> **Instructions to follow**
Every record below is to be restated verbatim, though its images are not.

> **Exercise data**
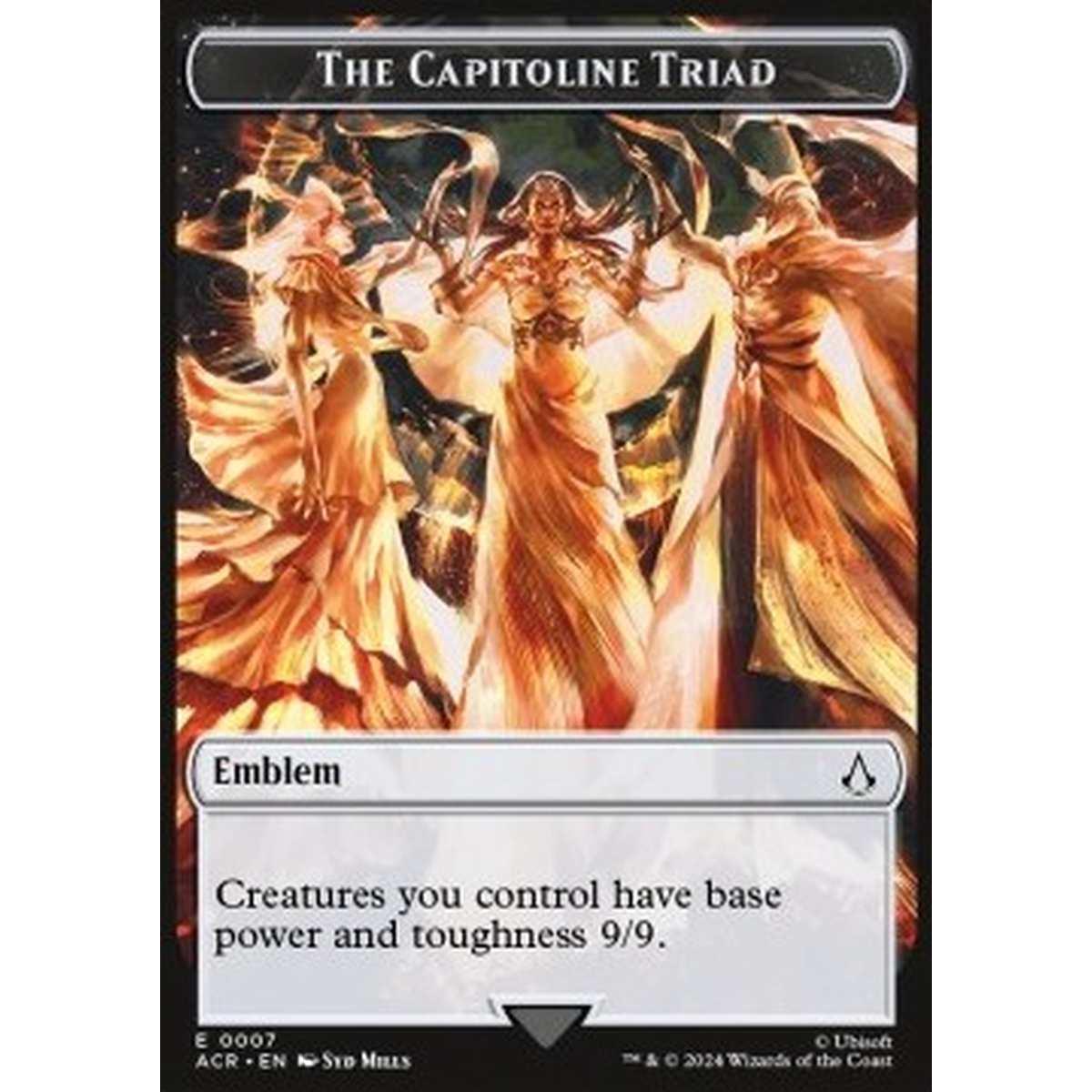 The Capitoline Triad Emblem - The Capitoline Triad Emblem - [TACR] [NM]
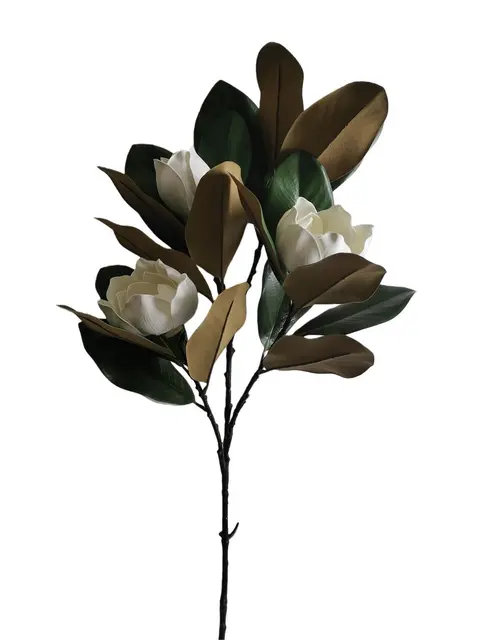 Real Touch 110*30*15CM Magnolia leaf - Assorted - Wholesale Artificial Flowers | EB022604201#WH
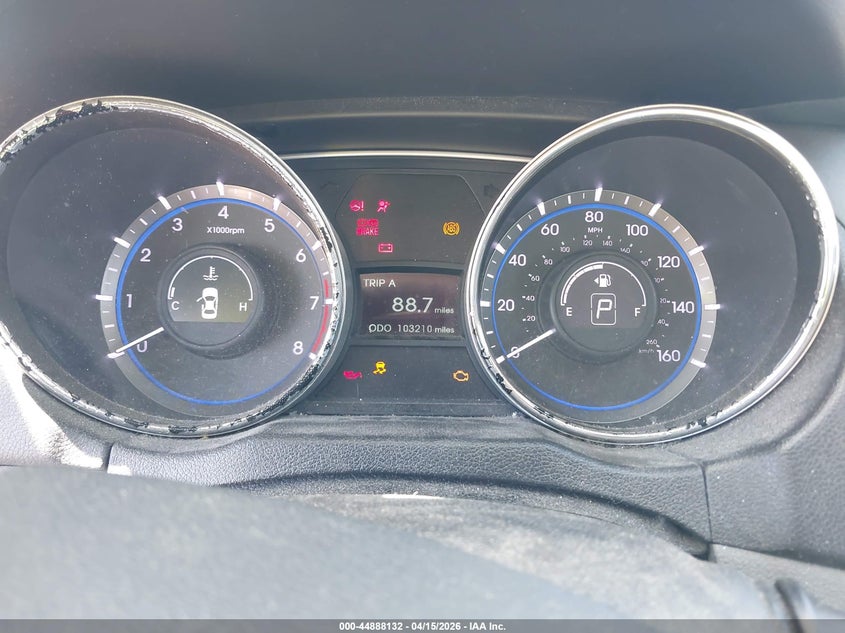 2014 Hyundai Sonata Gls VIN: 5NPEB4AC2EH842073 Lot: 44888132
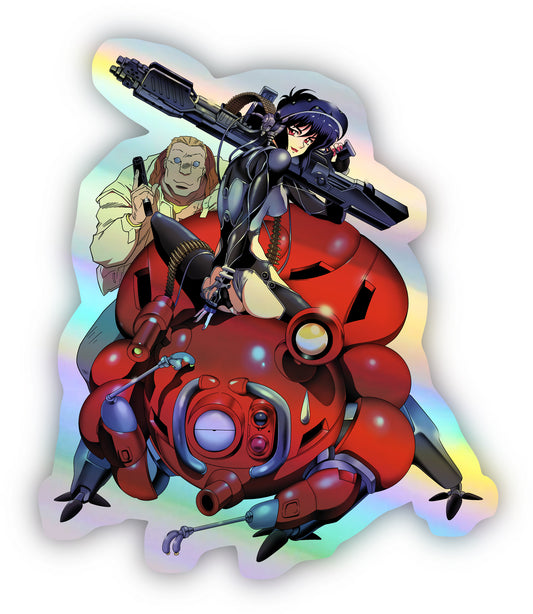 Ghost in the Shell Tachikoma Holographic Sticker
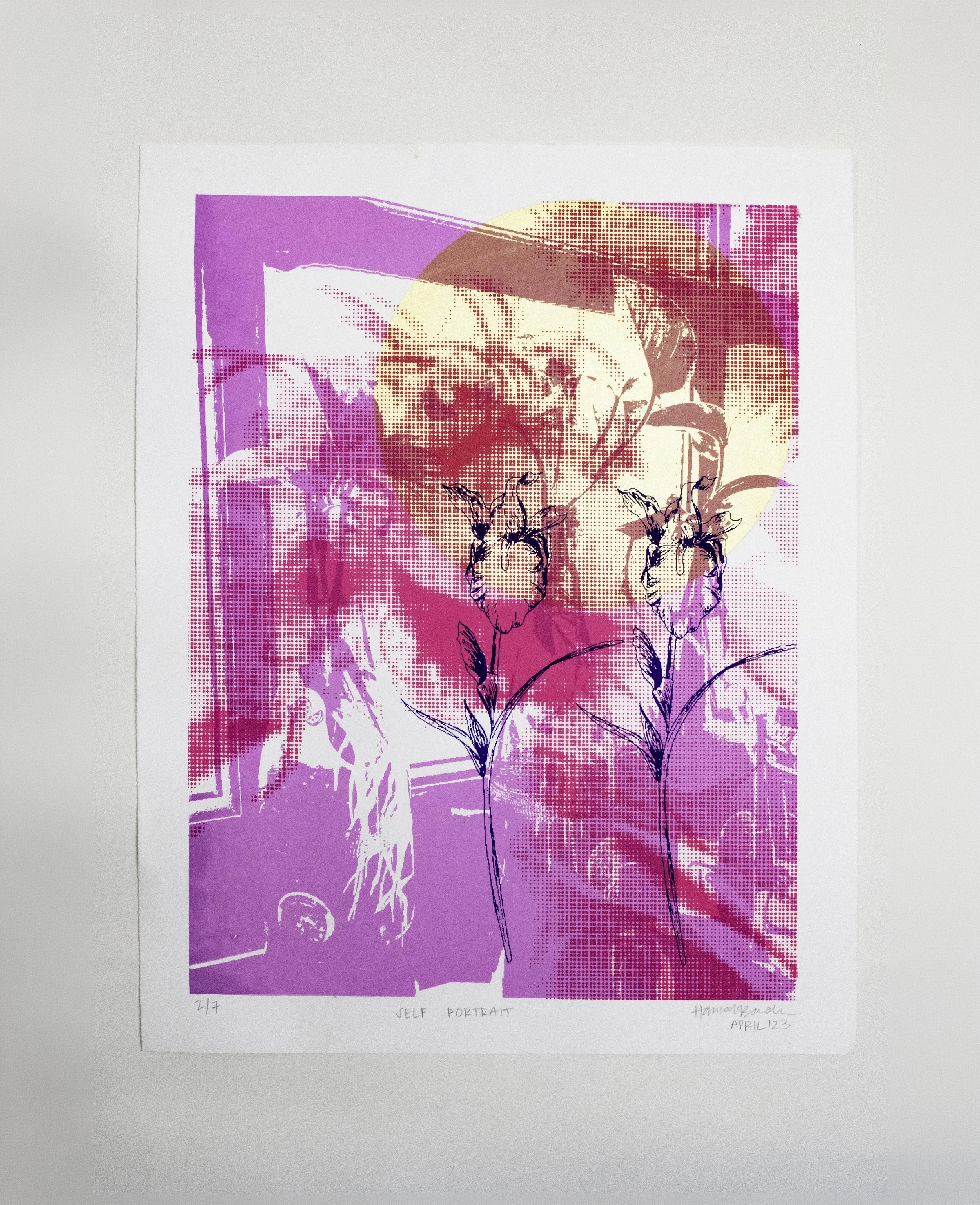 Self-Portrait, 2024 | Silkscreen print, 16 x 12 in.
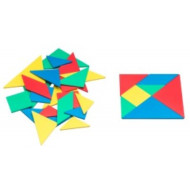 Tangram Set in 4 Farben 28 Teile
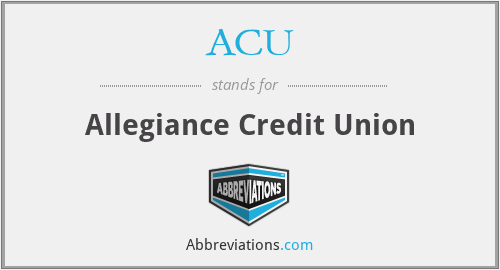 ACU - Allegiance Credit Union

> **Output for this exercise**
 The Capitoline Triad Emblem - The Capitoline Triad Emblem - [TACR] [NM]
 Real Touch 110*30*15CM Magnolia leaf - Assorted - Wholesale Artificial Flowers | EB022604201#WH
 2014 Hyundai Sonata Gls VIN: 5NPEB4AC2EH842073 Lot: 44888132
 Ghost in the Shell Tachikoma Holographic Sticker
 Self-Portrait, 2024 | Silkscreen print, 16 x 12 in.
 Tangram Set in 4 Farben 28 Teile
 ACU - Allegiance Credit Union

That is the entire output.